Perhaps we can find some common ground here to agree on.

Let us suppose the efficiency is 80%.
Let us suppose the transformer is rated at 10V rms x 1A rms = 10W
Hence the power delivered to the load is 8W at 80% efficiency.
If the output voltage is 14V, the current = 8/14 = 0.57A

If we take two diode forward drop into account, the current = 8/12.6 = 0.63A

In either case, we derate the transformer from 1A rms to 0.6A DC.

This has nothing to do with the claim that 1A rms equals 1.4A peak.
It also agrees with the assumption that you can multiply rms voltage with rms current to give power rating.

According to the Hammond design guide, the DC voltage is derated from 10V to 9V.
The current is derated from 1A to 0.62A.
Power = 9V x 6.2A = 5.58W
That equates to an efficiency of 56%.

This was my original post #2 to the TS:

For starters, put a bigger transformer, one that can deliver 3A and more.

The TS wanted 3A output. What I had failed to identify was how much "more" the transformer has to be rated for. I stand corrected.

 

Perhaps we can find some common ground here to agree on.

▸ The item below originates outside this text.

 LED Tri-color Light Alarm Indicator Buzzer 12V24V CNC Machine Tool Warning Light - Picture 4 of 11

It's a different way to arrive at essentially the same transformer derating result, so that's fine with me.
Peace.

 

For the benefit of readers following this discussion, I just had an Aha! moment coming to understand the knowledge that @crustchow was trying to convey.

What he was alluding to was the heat losses in the transformer and how much to derate the power loading on the transformer when using a reservoir capacitor as filter.

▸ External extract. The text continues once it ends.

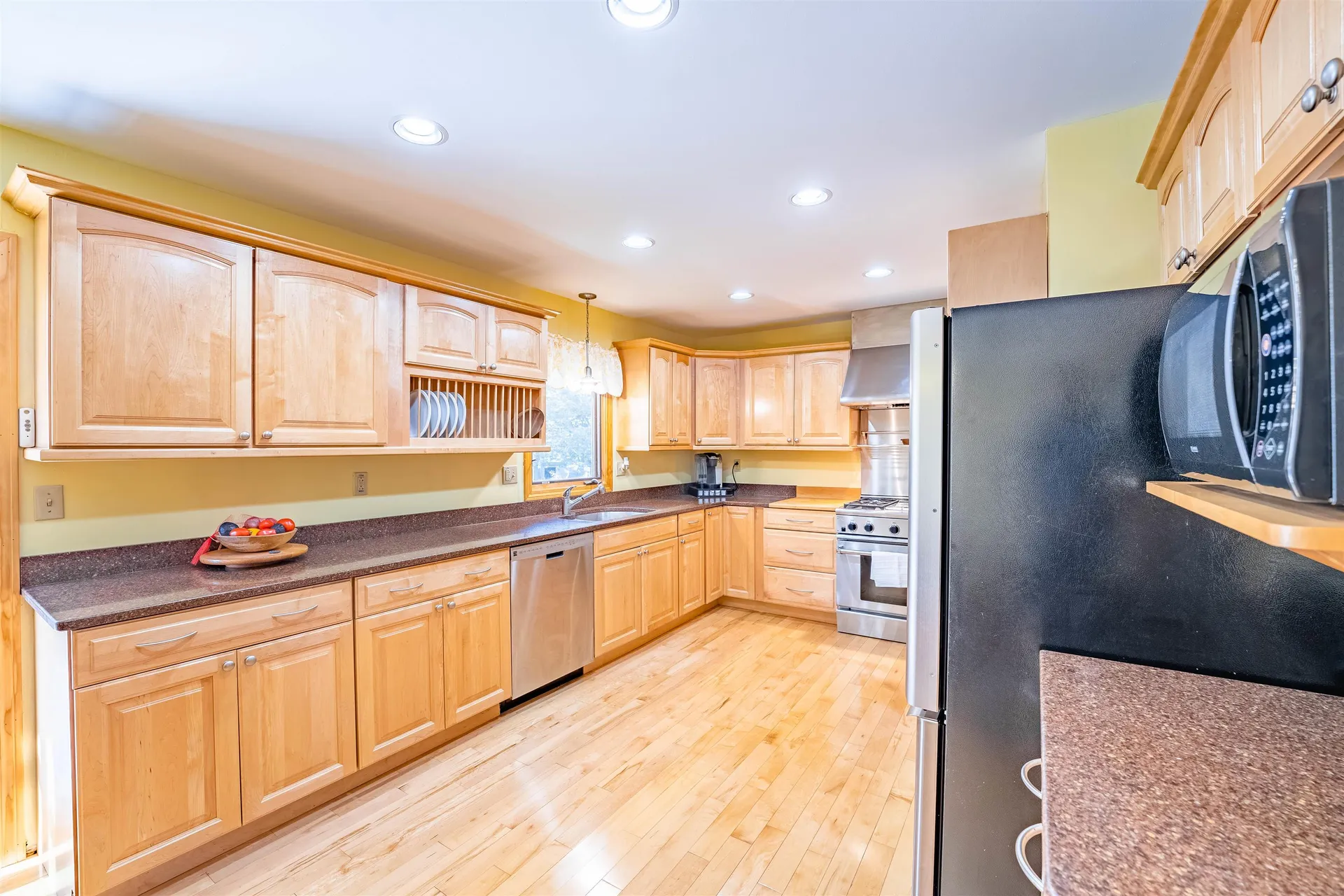 3 Loubier Drive Essex Junction VT 05452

If we were to omit the filter capacitor, the current through the transformer, rectifiers and load follows the expected half sine wave.



When the reservoir capacitor is added, the current waveform changes dramatically because the diodes conduct for only a fraction of the cycle.



The peak value of the diode current increases multiple times greater than the average current.

I have performed this experiment and observed the shape of the current pulse as the capacitance is increased. Interestingly, the ON period stays the same and so does the peak amplitude. What does change is the shape of the pulse. It is as if the transformer reaches a point of saturation and the current pulse spends more time at higher values.

Power loss in the transformer is directly proportional to the square of the current.
Hence, more power is lost owning to resistive heating at high peak currents.

The conclusion is to derate the transformer power rating to about half the stated values when using a capacitor filter.

 

Mr. Crutschow, please remember the duty cycle also is in effect here. A million amps at 1 uSEC will heat the same as 1 amp at 1 sec.
Even though the current is 1.7 times the average, the time is much shorter so the heating effect is likewise shorter. Indeed, it will calculate out to be exactly what the formula says when the effective duty cycle is included!
The place where the peak current is serious is where it drives the core of the transformer into saturation. All bets are off then, and the heating can easily overheat the transformer. The example from the fellow that built up the circuit shows that the transformer was not driven to saturation so it didn't tend to overheat.
Grizzley, also look up the national LM350 and consider using that instead of the power transistor. They are available on ebay for under 3 bucks and are a very good regulator. The same heatsink considerations are of course necessary.

 

This was part of lab report paper originating from the U of Maryland, unfortunately I no longer have the complete report, but this section shows some detail on the effects of transformer size when increasing Capacitor value in order to reduce ripple for a certain load.
Max.

 

please remember the duty cycle also is in effect here. A million amps at 1 uSEC will heat the same as 1 amp at 1 sec.
Even though the current is 1.7 times the average, the time is much shorter so the heating effect is likewise shorter. Indeed, it will calculate out to be exactly what the formula says when the effective duty cycle is included!

What formula?

The place where the peak current is serious is where it drives the core of the transformer into saturation.

A normal power transformer does not saturate due to high currents, it saturates due to a high input voltage.